AA local minimum — the function curves upward near the origin
BA local maximum — the function curves downward near the origin
CA saddle point — the function increases in some directions and decreases in others
DNot a critical point — the gradient must be nonzero to classify it
Along the x-axis (y=0), f = x² increases away from the origin — like a valley. Along the y-axis (x=0), f = −y² decreases away from the origin — like a ridge. Since f is larger than f(0,0) in some directions and smaller in others, the origin is a saddle point, not an extremum. Option D is wrong: ∇f = 0 is exactly the condition defining a critical point. The origin is a critical point; the issue is that ∇f = 0 alone doesn't tell you what kind.
Question 2 Multiple Choice
Why does the saddle point phenomenon have no analogue in single-variable calculus?
ASingle-variable functions can have saddle points, but they are called inflection points instead
BIn one dimension, there is only one direction to move from a critical point, so the function either increases or decreases — there are no competing directions for a saddle to exist
CSingle-variable calculus uses a different definition of critical point that excludes saddles
DSaddle points only occur when the Hessian has negative eigenvalues, which is impossible in 1D
A saddle point requires the function to increase in some directions and decrease in others. In one dimension, 'direction' means only left or right. If f'(c) = 0 at a critical point, the second derivative test tells you whether the function curves up (minimum), curves down (maximum), or has a degenerate case (inflection point at a horizontal tangent). But there are no competing spatial directions — the 'saddle' structure requires at least two independent directions. Option A conflates inflection points (where curvature changes sign in 1D) with saddle points (a multidimensional phenomenon).
Question 3 True / False
If ∇f(p) = 0 at a point p, then p is expected to be either a local maximum or a local minimum.
TTrue
FFalse
Answer: False
∇f = 0 is a necessary condition for a local extremum but not a sufficient one. Saddle points also satisfy ∇f = 0 yet are neither maxima nor minima. The canonical example is f(x,y) = x² − y² at the origin: the gradient vanishes, but the function increases along the x-axis and decreases along the y-axis. To determine which case applies, you need additional information about the curvature — provided by the Hessian matrix and the second-derivative test.
Question 4 True / False
Every local minimum of a differentiable function f: ℝ² → ℝ is a critical point.
TTrue
FFalse
Answer: True
This is the multivariable generalization of Fermat's theorem: if f has a local extremum at an interior point and is differentiable there, then ∇f = 0 at that point. The reasoning is that each partial derivative must be zero — if ∂f/∂x ≠ 0, then moving in the x-direction from the point would increase or decrease f, contradicting it being a local minimum.
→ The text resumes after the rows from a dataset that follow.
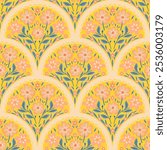 Floral arch seamless pattern. Scallop half circle geometrical monochromatic botanical ornament. Art nouveau stylized hand drawn small flowers and leaves on yellow background. Repeat allover backdrop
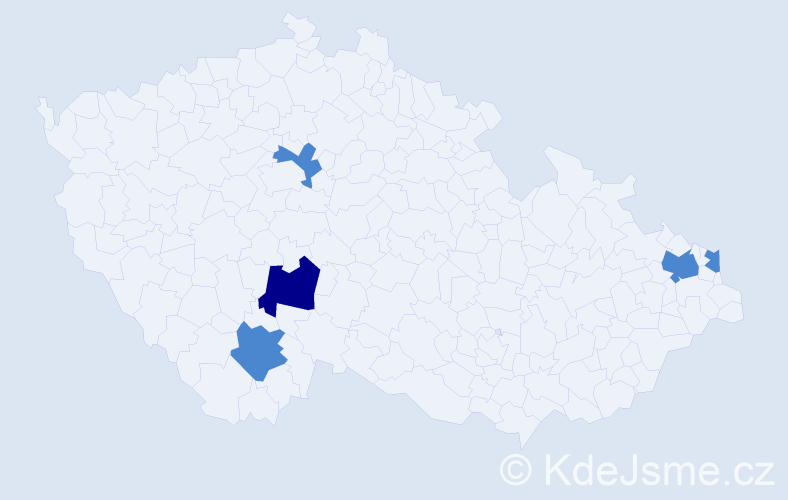 Příjmení: 'Méry', počet výskytů 7 v celé ČR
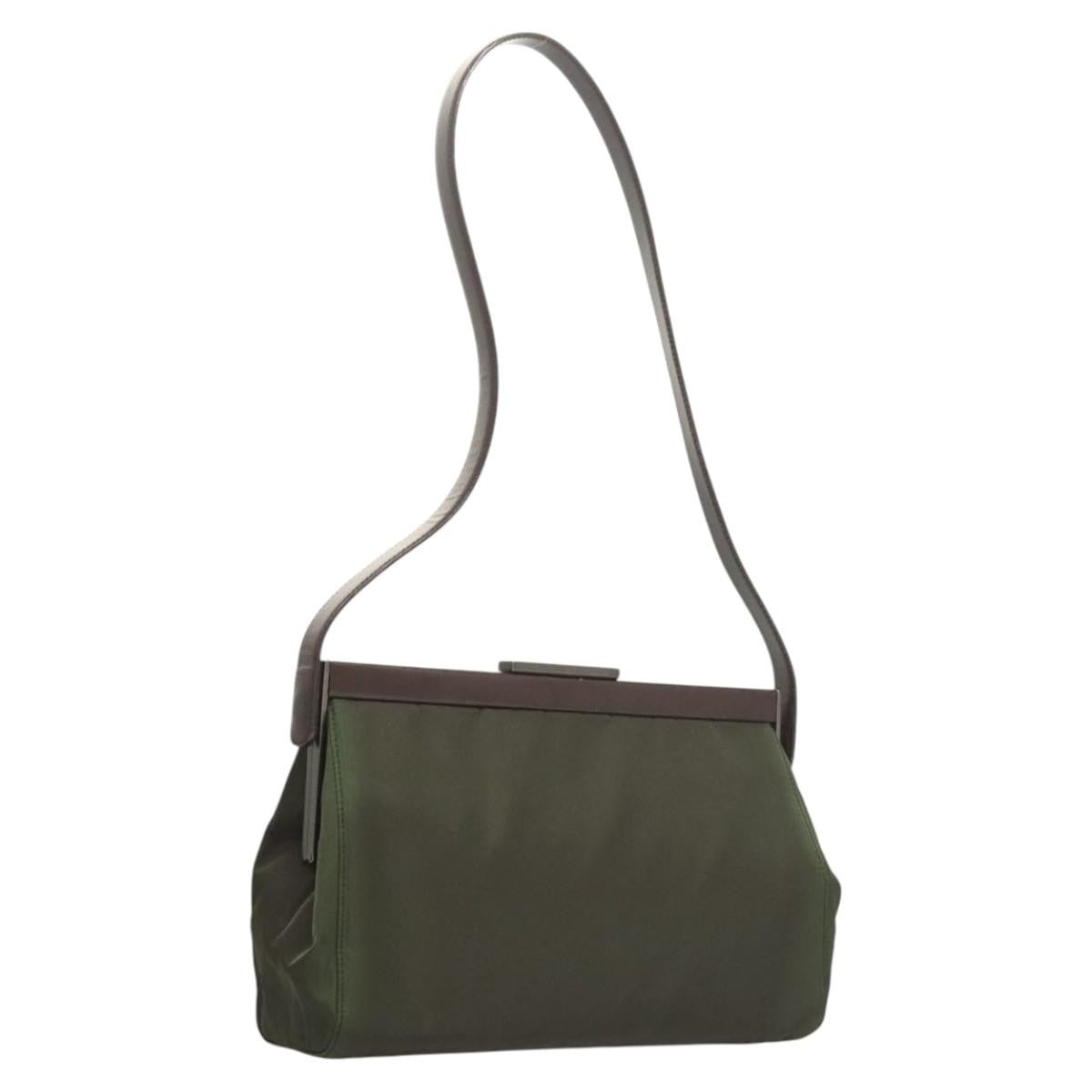 Prada PRADA Shoulder Bag Nylon Khaki Silver Authentic 123373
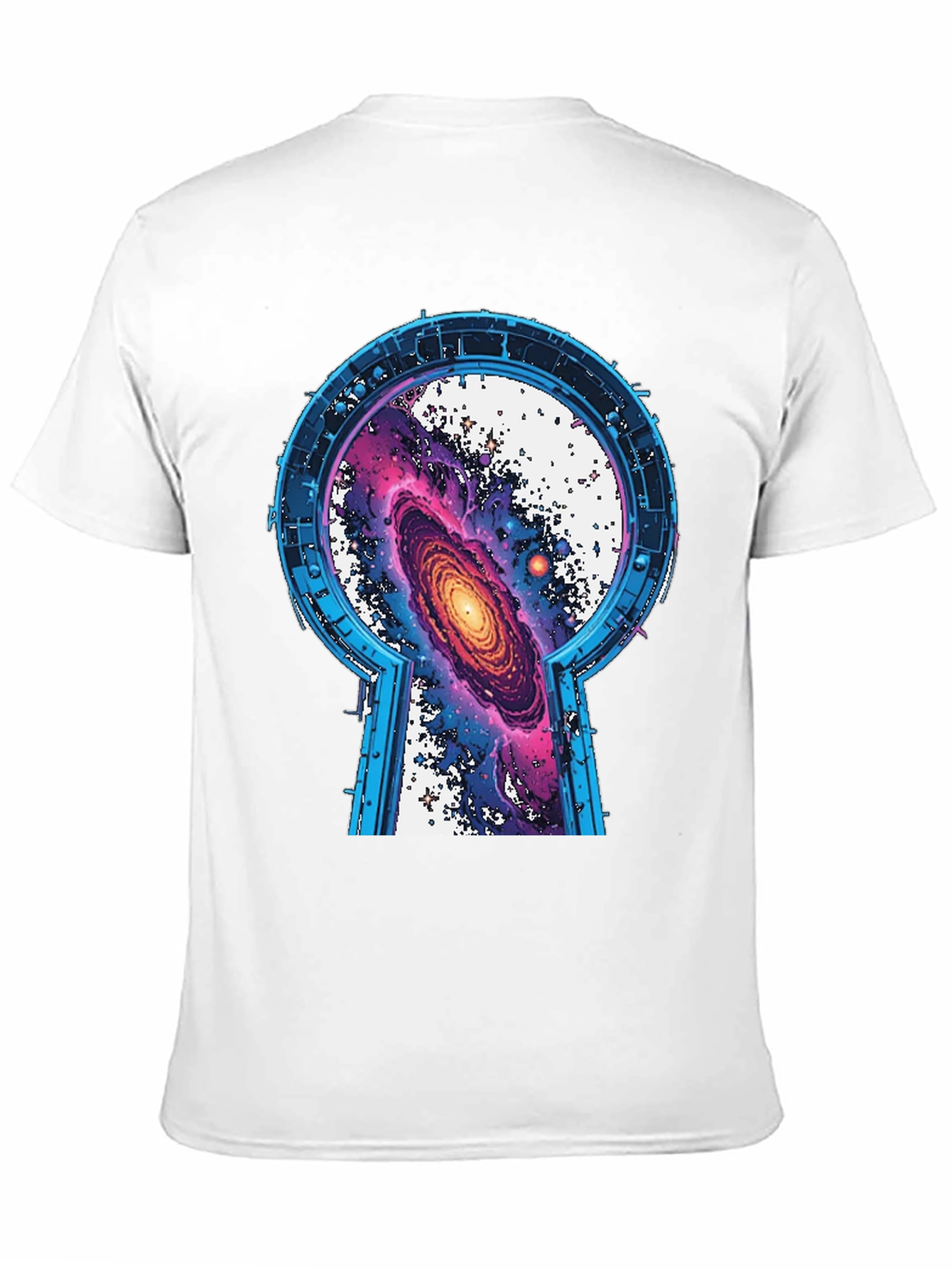 Galaxy Keyhole Graphic Tee - Unisex Black T-Shirt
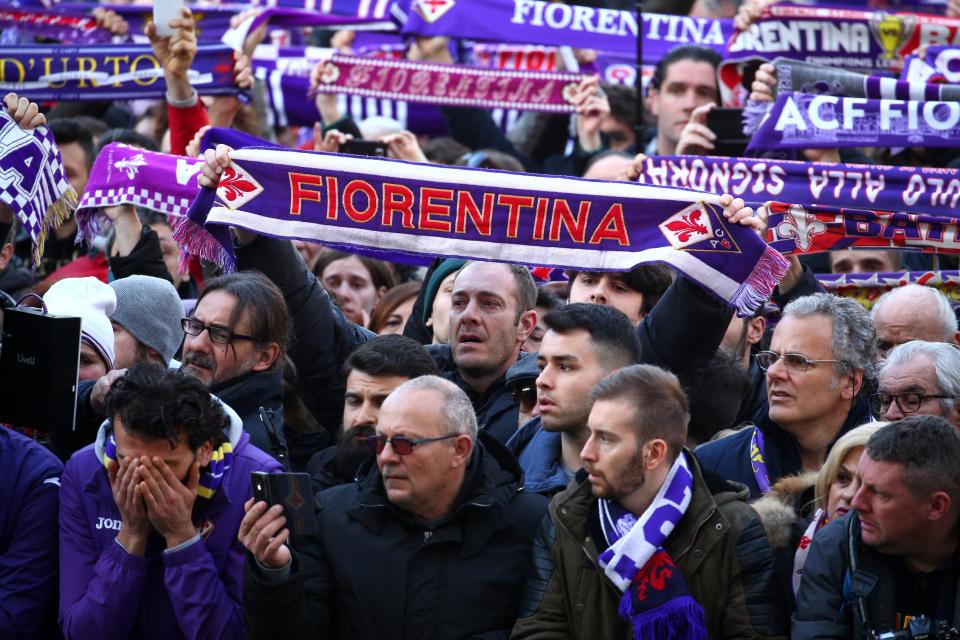 Fiorentina fans gathered in their thousands sporting the club's purple scarves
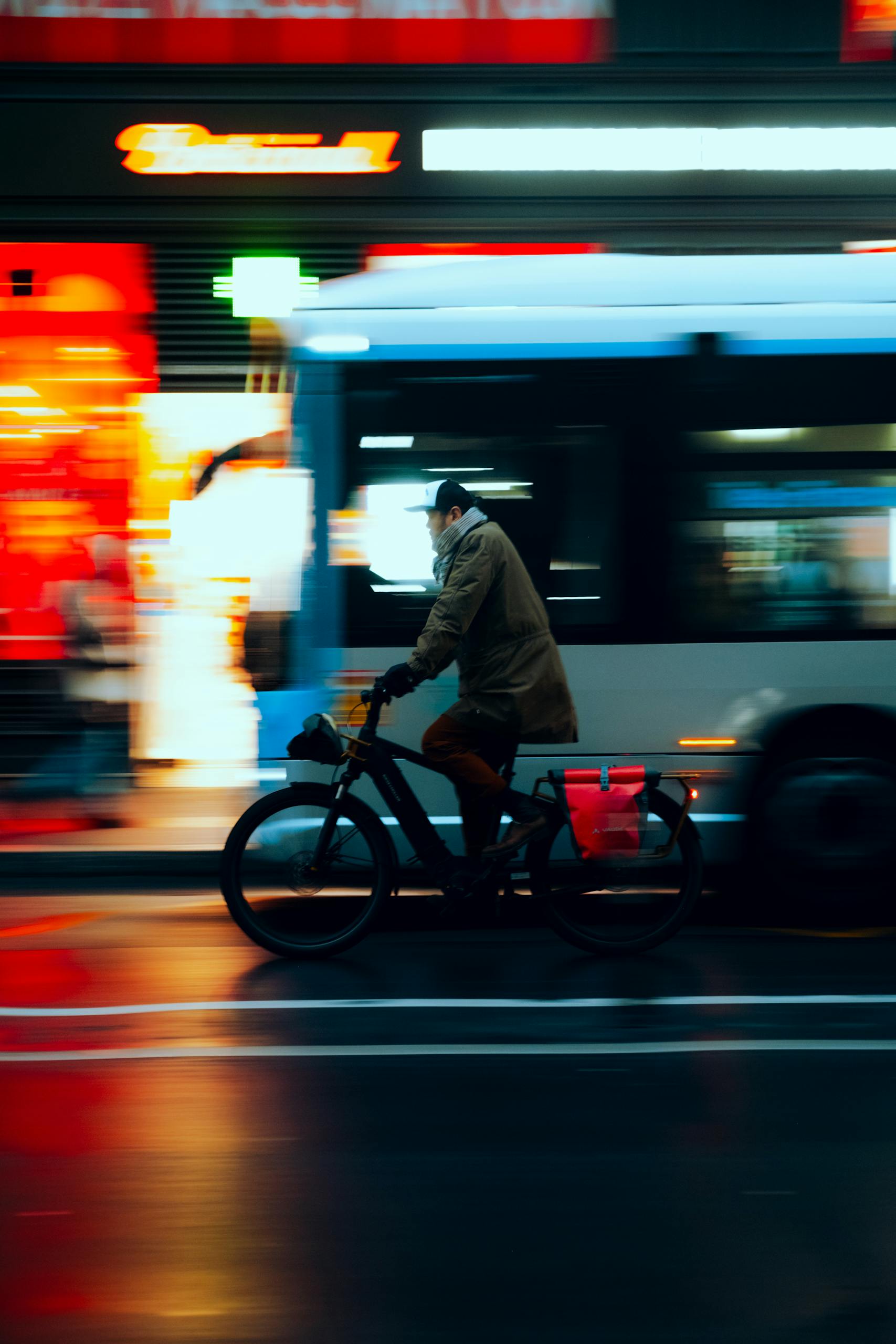 Man Riding an Electric Bike on the Street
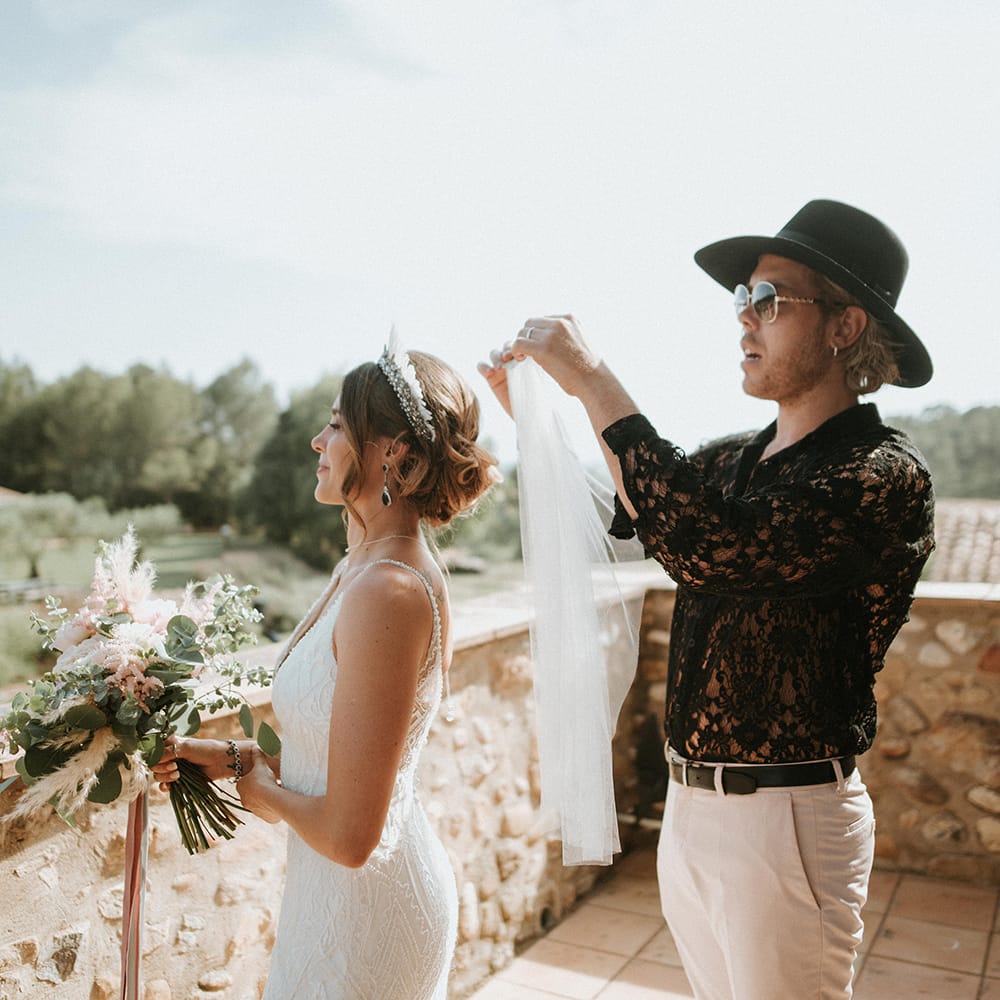Bridal Preparations With Veil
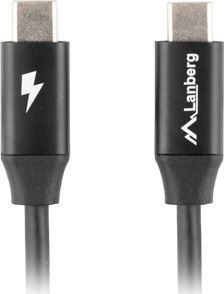 Kabllo Lanberg USB-C 2.0, M / M, 1m, e zezë
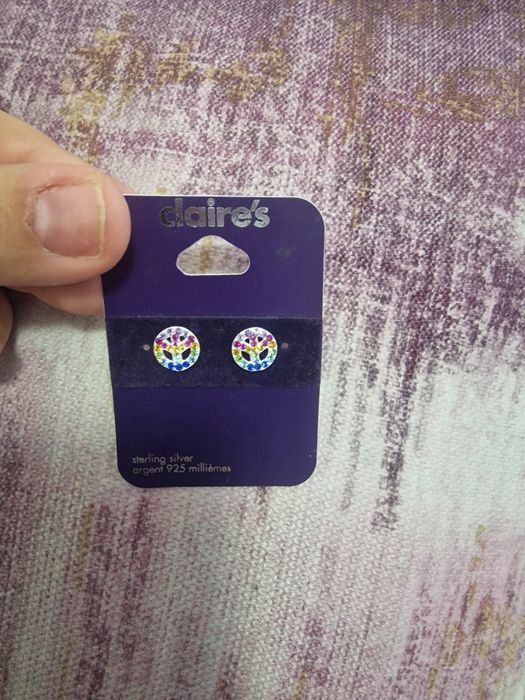 Cercei colorati de argint Claire's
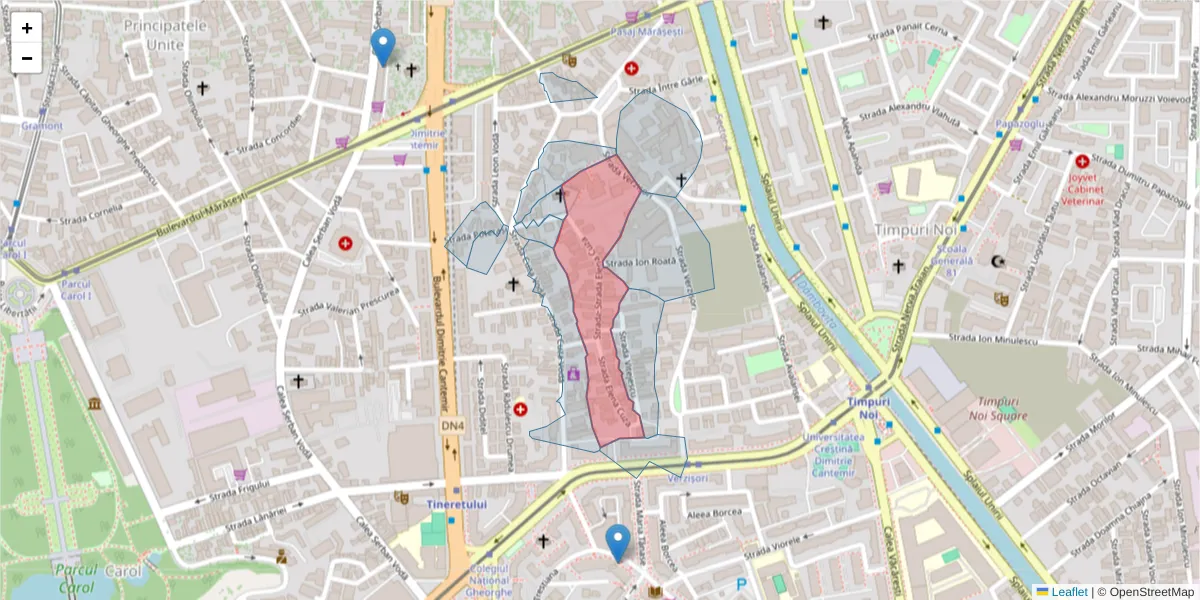 Hartă a codului poștal  și a codurilor poștale învecinate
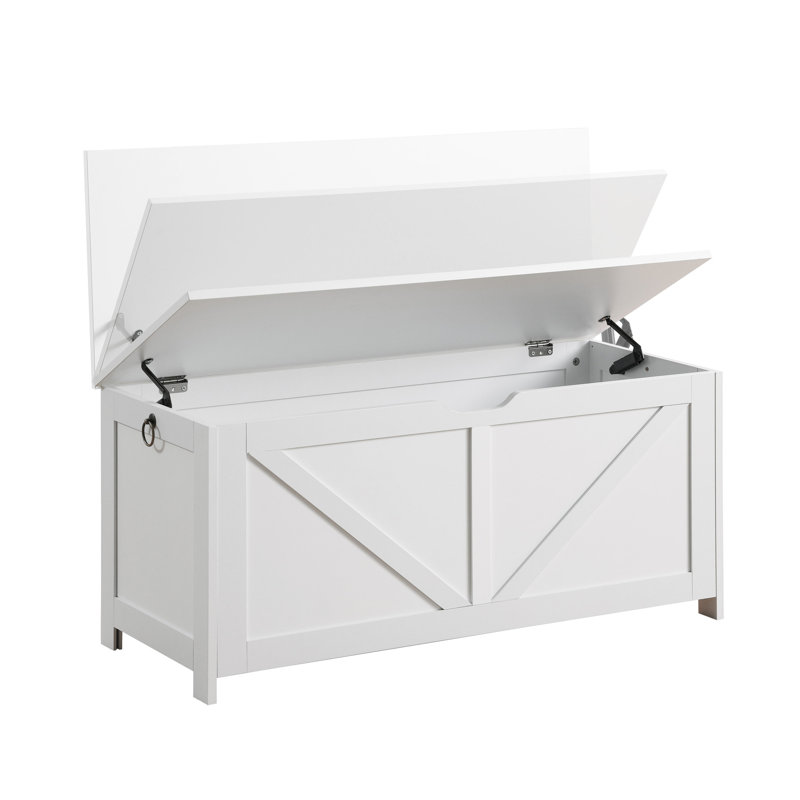 Storage Bench - White Entryway Option, Heavy Duty, U Shaped Pull, Quick And Easy Assembly Retro Box Organizer White, Access To Stored Things, Frame, Good For '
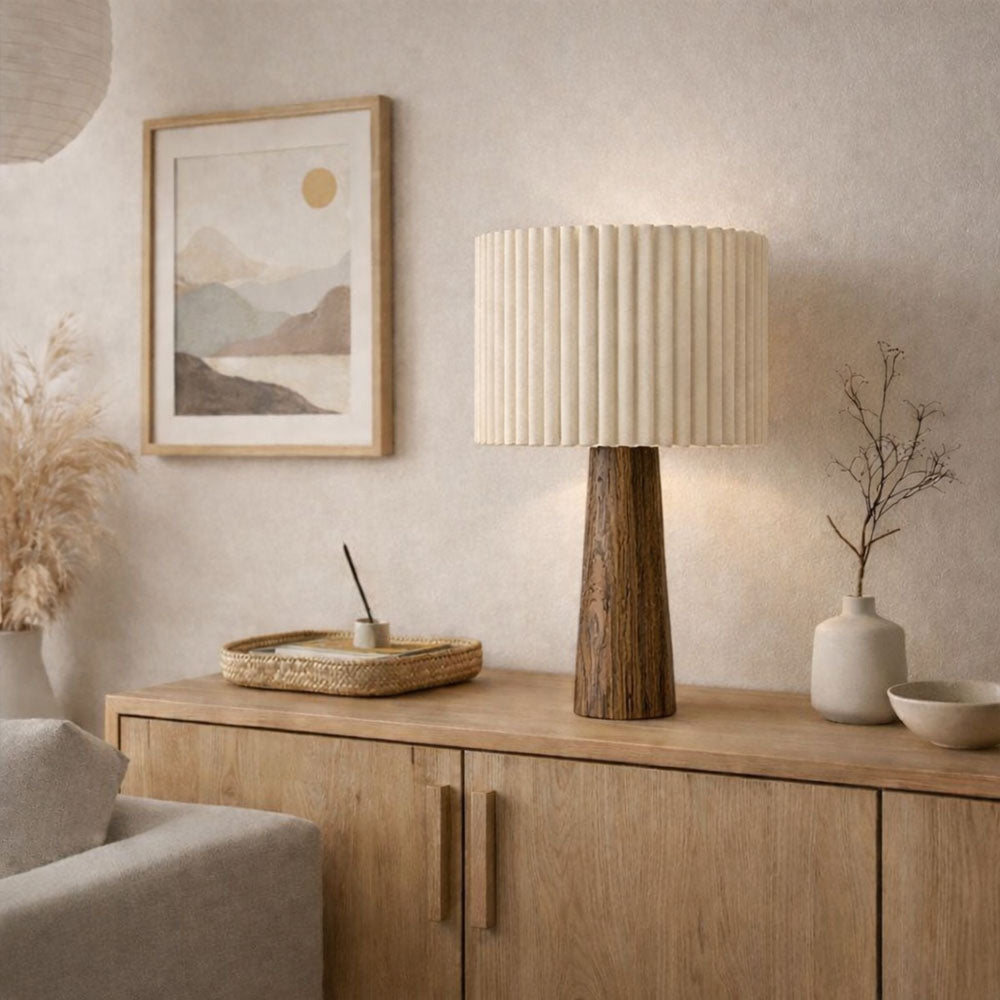 Tischlampe Lucerne - Walnuss / Creme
So ∇f = 0 is necessary (but not sufficient) for a local extremum.
Question 5 Short Answer
Why is finding all points where ∇f = 0 not sufficient to identify the minima of a function? What additional step is required?
Think about your answer, then reveal below.
Model answer: Solving ∇f = 0 gives a list of critical point candidates — but each candidate could be a local minimum, local maximum, or saddle point. To classify each one, you need the Hessian matrix (the matrix of second-order partial derivatives), which captures the curvature of the surface in every direction. The second-derivative test uses the Hessian's determinant and leading entry to distinguish these cases: positive definite Hessian → local minimum; negative definite → local maximum; indefinite → saddle point.
This distinction is practically crucial in optimization: an algorithm that stops at ∇f = 0 may have found a saddle rather than a minimum. In high-dimensional problems like neural network training, saddle points are extremely common and can stall gradient-based optimizers. The Hessian test is the theoretical tool; in practice, other methods (second-order optimization, checking the sign of the function change) are used to verify that a critical point is truly a minimum.